# Exercise materials:

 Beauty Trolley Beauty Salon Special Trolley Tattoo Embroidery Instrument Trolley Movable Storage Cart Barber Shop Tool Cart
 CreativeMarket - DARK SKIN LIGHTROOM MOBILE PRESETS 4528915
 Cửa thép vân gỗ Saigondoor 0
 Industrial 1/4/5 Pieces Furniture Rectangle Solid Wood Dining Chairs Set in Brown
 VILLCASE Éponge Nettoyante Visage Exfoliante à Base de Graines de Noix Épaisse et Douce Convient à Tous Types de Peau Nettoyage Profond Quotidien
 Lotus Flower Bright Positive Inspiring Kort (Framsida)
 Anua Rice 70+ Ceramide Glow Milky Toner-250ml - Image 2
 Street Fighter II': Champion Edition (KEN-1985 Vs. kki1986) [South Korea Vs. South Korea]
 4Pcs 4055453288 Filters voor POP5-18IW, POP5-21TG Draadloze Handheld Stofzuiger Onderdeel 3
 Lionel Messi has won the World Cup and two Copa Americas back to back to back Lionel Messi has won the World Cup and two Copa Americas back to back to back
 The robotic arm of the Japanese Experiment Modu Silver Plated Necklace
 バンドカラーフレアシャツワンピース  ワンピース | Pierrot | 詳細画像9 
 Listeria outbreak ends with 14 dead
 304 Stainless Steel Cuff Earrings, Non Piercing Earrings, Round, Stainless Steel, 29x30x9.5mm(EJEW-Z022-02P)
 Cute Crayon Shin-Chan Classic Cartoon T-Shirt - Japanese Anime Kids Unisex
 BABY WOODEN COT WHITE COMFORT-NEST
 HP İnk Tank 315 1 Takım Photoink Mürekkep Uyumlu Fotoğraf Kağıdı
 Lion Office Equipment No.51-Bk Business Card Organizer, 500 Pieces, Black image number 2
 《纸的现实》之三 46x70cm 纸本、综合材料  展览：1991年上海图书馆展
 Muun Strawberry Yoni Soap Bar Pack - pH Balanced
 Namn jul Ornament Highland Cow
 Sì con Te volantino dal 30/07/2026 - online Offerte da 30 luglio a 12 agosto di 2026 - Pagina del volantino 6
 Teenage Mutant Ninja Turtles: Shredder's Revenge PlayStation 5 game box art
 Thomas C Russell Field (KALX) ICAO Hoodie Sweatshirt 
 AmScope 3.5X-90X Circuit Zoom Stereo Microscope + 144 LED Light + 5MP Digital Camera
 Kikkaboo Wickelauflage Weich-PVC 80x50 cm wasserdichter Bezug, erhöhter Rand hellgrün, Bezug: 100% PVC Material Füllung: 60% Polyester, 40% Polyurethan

# Exercise directions:
Would you give again, word for word, every line from the one with "304 Stainless Steel" through the final line of the listing above?

# Task solution:
 304 Stainless Steel Cuff Earrings, Non Piercing Earrings, Round, Stainless Steel, 29x30x9.5mm(EJEW-Z022-02P)
 Cute Crayon Shin-Chan Classic Cartoon T-Shirt - Japanese Anime Kids Unisex
 BABY WOODEN COT WHITE COMFORT-NEST
 HP İnk Tank 315 1 Takım Photoink Mürekkep Uyumlu Fotoğraf Kağıdı
 Lion Office Equipment No.51-Bk Business Card Organizer, 500 Pieces, Black image number 2
 《纸的现实》之三 46x70cm 纸本、综合材料  展览：1991年上海图书馆展
 Muun Strawberry Yoni Soap Bar Pack - pH Balanced
 Namn jul Ornament Highland Cow
 Sì con Te volantino dal 30/07/2026 - online Offerte da 30 luglio a 12 agosto di 2026 - Pagina del volantino 6
 Teenage Mutant Ninja Turtles: Shredder's Revenge PlayStation 5 game box art
 Thomas C Russell Field (KALX) ICAO Hoodie Sweatshirt 
 AmScope 3.5X-90X Circuit Zoom Stereo Microscope + 144 LED Light + 5MP Digital Camera
 Kikkaboo Wickelauflage Weich-PVC 80x50 cm wasserdichter Bezug, erhöhter Rand hellgrün, Bezug: 100% PVC Material Füllung: 60% Polyester, 40% Polyurethan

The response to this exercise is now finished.